• **Requirement**:
Pictures excluded, retype the lines from the one containing "Luxury Sunset River" through the last line of the data below, both included.

• **Material provided**:
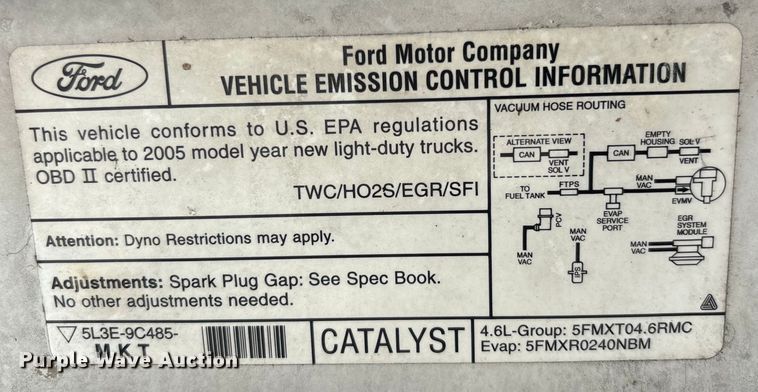 image for item DU2641 2005 Ford F150 Super Duty XL Ext. Cab pickup truck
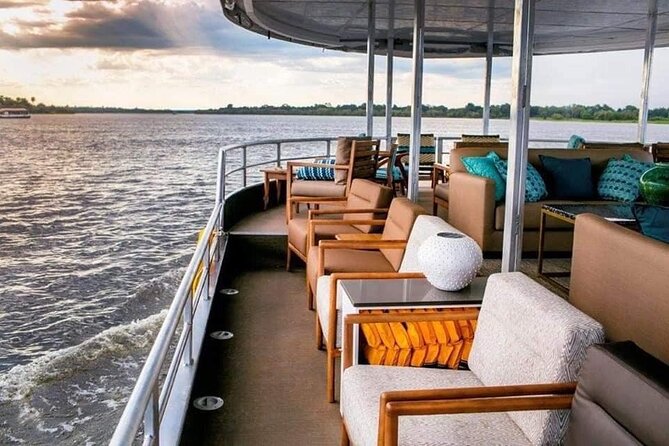 Luxury Sunset River Cruise on the Zambezi - The welcome and onboard atmosphere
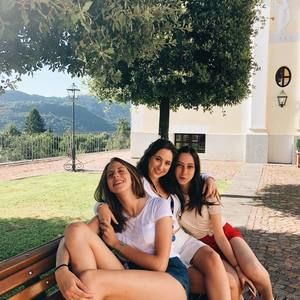 Meet your Posher, Eladia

• **Solution for this task**:
 Luxury Sunset River Cruise on the Zambezi - The welcome and onboard atmosphere
 Meet your Posher, Eladia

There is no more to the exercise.